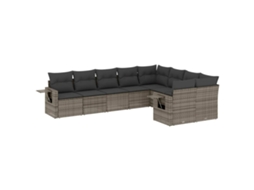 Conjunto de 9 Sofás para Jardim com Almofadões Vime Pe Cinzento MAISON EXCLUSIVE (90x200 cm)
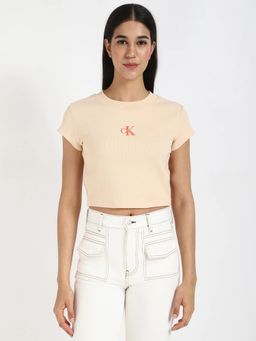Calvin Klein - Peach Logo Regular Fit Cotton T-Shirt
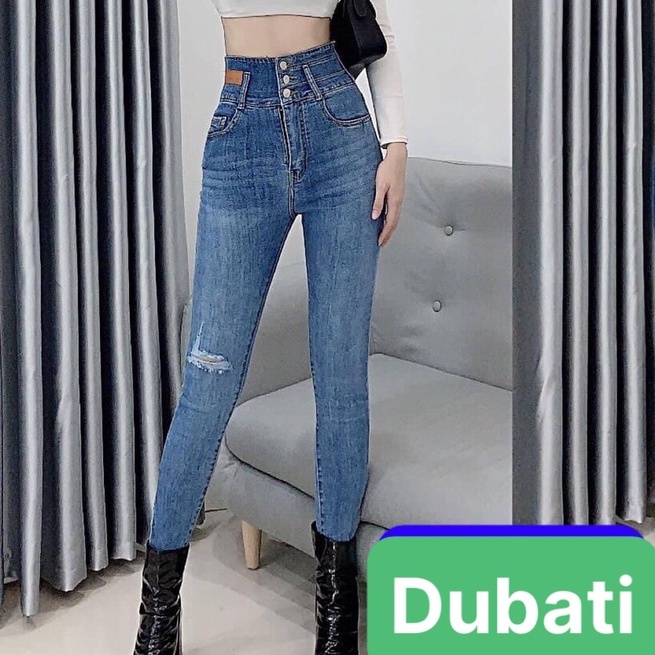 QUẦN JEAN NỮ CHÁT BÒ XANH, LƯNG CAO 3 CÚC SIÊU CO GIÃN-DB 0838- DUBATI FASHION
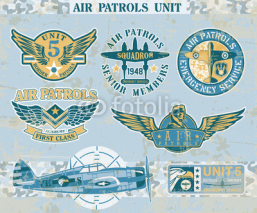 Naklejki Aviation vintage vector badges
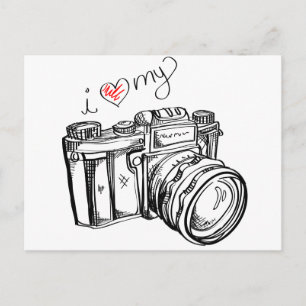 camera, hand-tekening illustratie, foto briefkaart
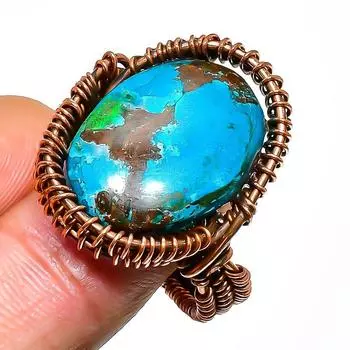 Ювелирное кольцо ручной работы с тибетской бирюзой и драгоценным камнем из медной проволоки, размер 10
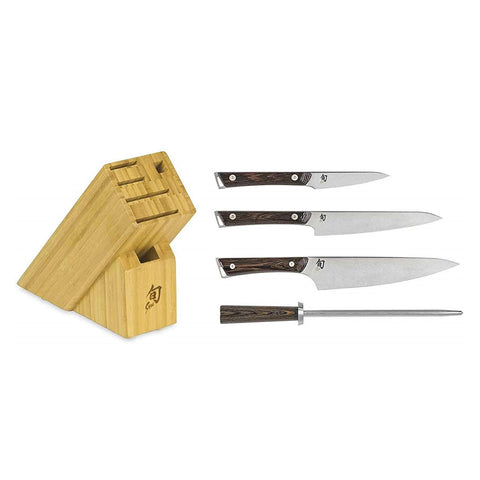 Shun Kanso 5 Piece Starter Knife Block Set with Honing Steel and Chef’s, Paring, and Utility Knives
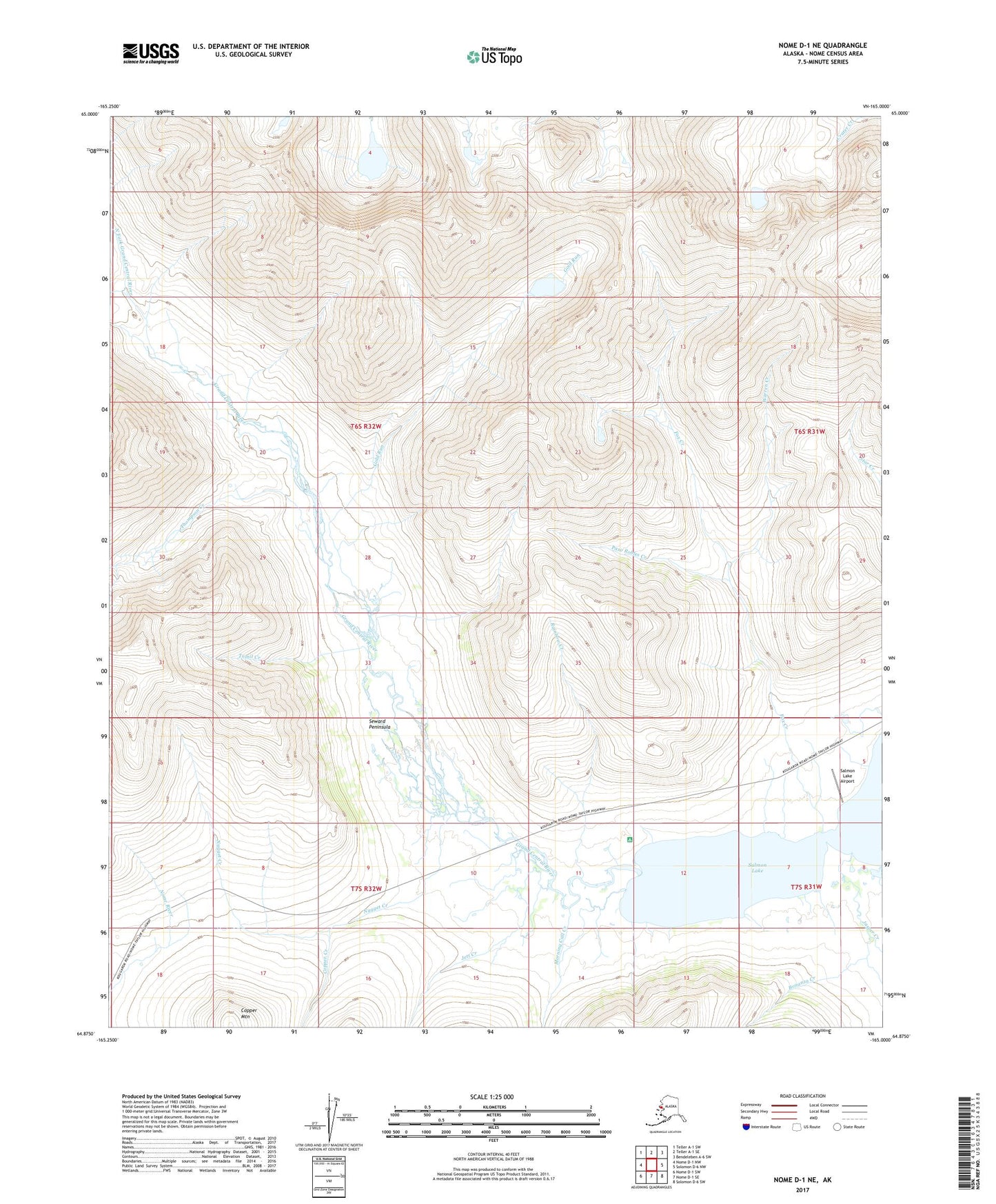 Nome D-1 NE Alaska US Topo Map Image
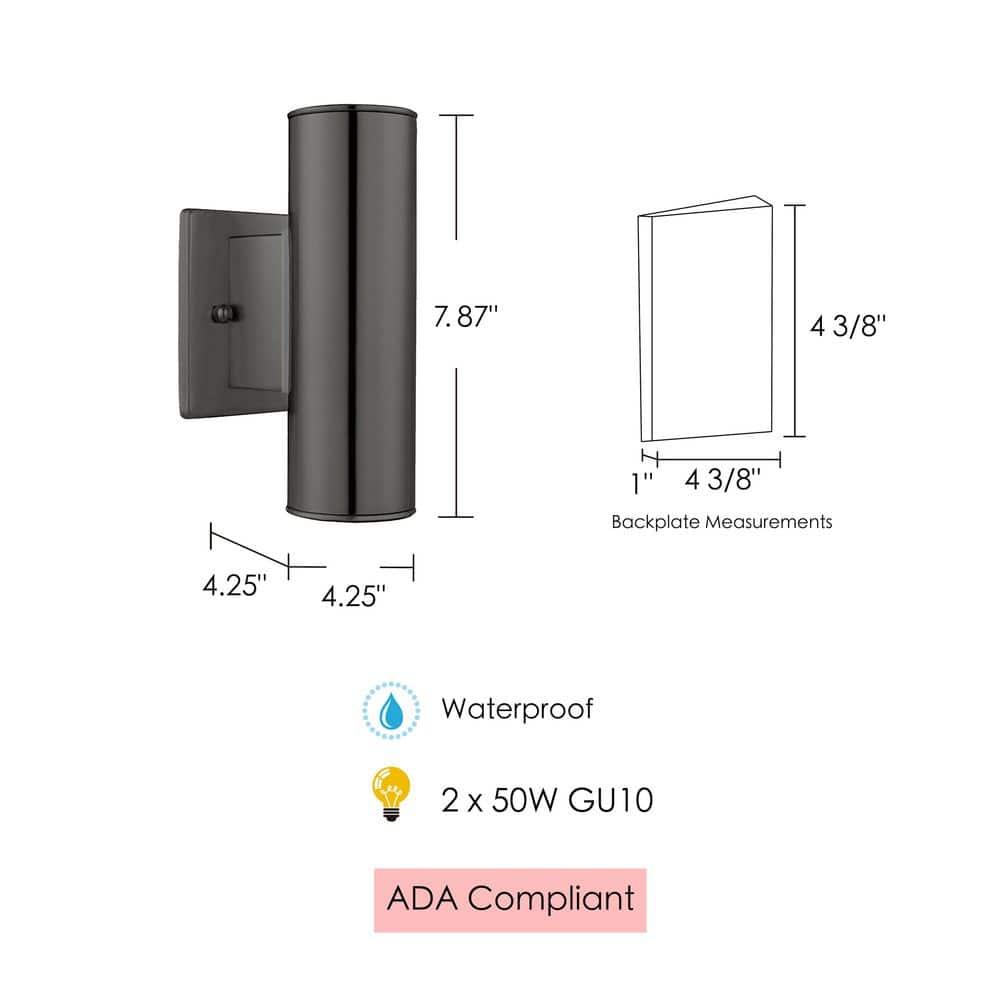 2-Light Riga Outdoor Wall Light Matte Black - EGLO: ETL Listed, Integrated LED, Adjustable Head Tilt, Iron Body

______________________________

* **Your task**:
Give a verbatim transcription of the entries, leaving out the pictures.

* **Result of this exercise**:
 Conjunto de 9 Sofás para Jardim com Almofadões Vime Pe Cinzento MAISON EXCLUSIVE (90x200 cm)
Calvin Klein - Peach Logo Regular Fit Cotton T-Shirt
 QUẦN JEAN NỮ CHÁT BÒ XANH, LƯNG CAO 3 CÚC SIÊU CO GIÃN-DB 0838- DUBATI FASHION
 Naklejki Aviation vintage vector badges
 camera, hand-tekening illustratie, foto briefkaart
 Ювелирное кольцо ручной работы с тибетской бирюзой и драгоценным камнем из медной проволоки, размер 10
 Shun Kanso 5 Piece Starter Knife Block Set with Honing Steel and Chef’s, Paring, and Utility Knives
 Nome D-1 NE Alaska US Topo Map Image
 2-Light Riga Outdoor Wall Light Matte Black - EGLO: ETL Listed, Integrated LED, Adjustable Head Tilt, Iron Body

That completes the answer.